Dortmund. . Krankenkassen lehnen Bahrs Forderung nach einer Prämienauszahlung ab
Bundesgesundheitsminister Daniel Bahr will finanziell gut gestellte Krankenkassen notfalls per Gesetz dazu zwingen, Prämien an ihre Versicherten auszuschütten. Zumindest aber sollten die Leistungen für die Kunden verbessert werden. Die Kassen weisen den Vorstoß empört zurück.
Bisher zahlen nur einige wenige gesetzliche Kassen Prämien an ihre Kunden. Nur knapp eine Million Mitglieder der insgesamt etwa 70 Millionen gesetzlich Versicherten profitieren davon. „Es könnten aber mehr Kassen auszahlen und Millionen Beitragszahler profitieren“, sagte Bahr. In der Koalition werde über eine gesetzliche Regelung beraten. Nach Bahrs Vorstellungen sollen die Versicherten spätestens 2013 mit Rückzahlungen rechnen können. Vor einigen Wochen hatte er erklärt, dass „bestimmt über 30 Kassen“ finanziell so gut aufgestellt seien, dass sie Prämien ausschütten könnten.
Polster für schlechtere Zeiten
Die Krankenkassen winken ab: Jede einzelne Kasse entscheide eigenverantwortlich darüber, ob sie einen Zusatzbeitrag nehme oder eine Prämie ausschütte, erklärte gestern Florian Lanz, Sprecher des Spitzenverbandes der gesetzlichen Krankenversicherung (GKV). Dieses Prinzip habe sich bewährt. Wegen der steigenden Ausgaben für Arzthonorare, Kliniken und Medikamente sei es zudem verständlich, „wenn Krankenkassen ihre Überschüsse aus der Vergangenheit für die künftige medizinische Versorgung ihrer Versicherten verwenden wollen“.
Auch die AOK-Nordwest sieht keinen finanziellen Spielraum, eine Prämie an ihre Mitglieder auszuzahlen. Laut Prognose würden die Leistungsausgaben 2012 um 4,7 Prozent steigen, während die beitragspflichtigen Einnahmen lediglich um 2,2 Prozent steigen. „Deshalb bleiben derzeit keine finanziellen Spielräume, um in diesem Jahr Prämien an die Mitglieder auszuzahlen. Wir setzen im Interesse unserer Versicherten und Beitragszahler auf nachhaltige Stabilität und eine vorausschauende Finanzpolitik statt nach aktueller Kassenlage Prämienjojo zu spielen“, so der Vorstandsvorsitzende Martin Litsch zur WR.
Die gesetzliche Krankenversicherung verfügte Ende 2011 wegen der guten wirtschaftlichen Lage über Rücklagen von knapp zehn Milliarden Euro.

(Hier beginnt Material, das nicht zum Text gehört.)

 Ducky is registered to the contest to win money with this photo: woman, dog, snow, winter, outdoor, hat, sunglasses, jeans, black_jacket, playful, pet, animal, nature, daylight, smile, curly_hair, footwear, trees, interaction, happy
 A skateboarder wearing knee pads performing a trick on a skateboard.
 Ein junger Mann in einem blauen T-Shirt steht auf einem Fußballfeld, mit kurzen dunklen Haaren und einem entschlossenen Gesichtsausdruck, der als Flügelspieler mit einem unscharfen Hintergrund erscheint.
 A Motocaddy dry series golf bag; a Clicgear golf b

Per Gesetz werden die Kassen dazu angehalten, als Rücklage nicht mehr als 1,5 Monatsausgaben vorzuhalten. Weil einige Kassen die vorgeschriebene Maximalreserve deutlich überschritten haben, hatte auch das Bundesversicherungsamt (BVA) von den Kassen Auskunft über die Verwendung der Gelder verlangt.

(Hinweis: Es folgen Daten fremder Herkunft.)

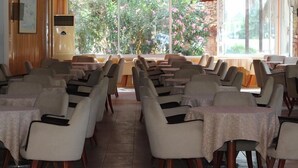 A dining area with tables and chairs, large windows with a view of greenery and flowers, and a wall-mounted air conditioning unit. - Hierapolis Termal Hotel (Denizli)
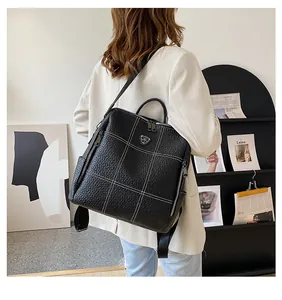 Détail d'un sac à dos en cuir noir avec surpiqûres blanches porté par un mannequin
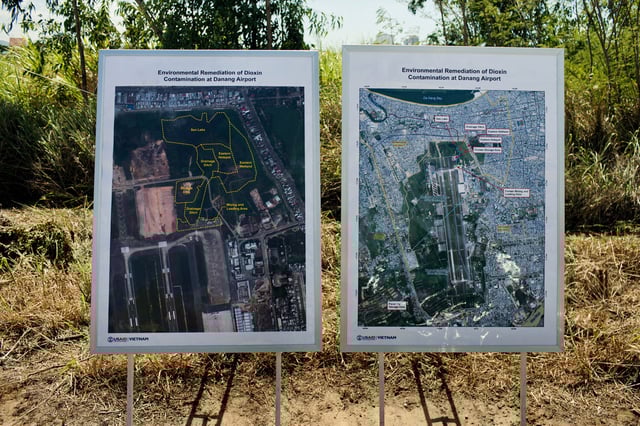 FILE- Maps of the area contaminated with dioxin around Danang airport are displayed during a ceremony marking the start of a project to clean up dioxin left over from the Vietnam War, at a former U.S. military base in Danang, Vietnam Thursday Aug. 9, 2012. (AP Photo/Maika Elan, File)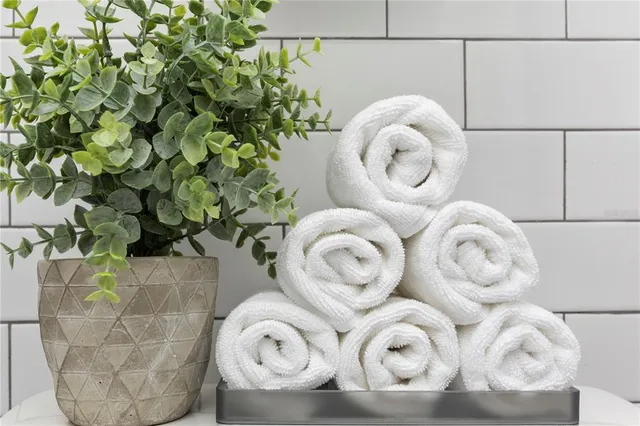 a bathroom with a sink a mirror and shower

Die deutsche Ärzteschaft hat die Bundesregierung unterdessen zur Abschaffung der Praxisgebühr aufgefordert. Stattdessen solle ein Teil der Überschüsse in der gesetzlichen Krankenversicherung bei den Krankenkassen belassen werden, sagte der Vorsitzende der Bundesärztekammer, Frank-Ulrich Montgomery. Die stabile Finanzlage der Kassen sei derzeit vor allem auf die gute Konjunktur und die niedrige Arbeitslosigkeit zurückzuführen. „Wenn sich die wirtschaftliche Situation ändert, ist es gut, einen Puffer zu haben“, sagte Montgomery.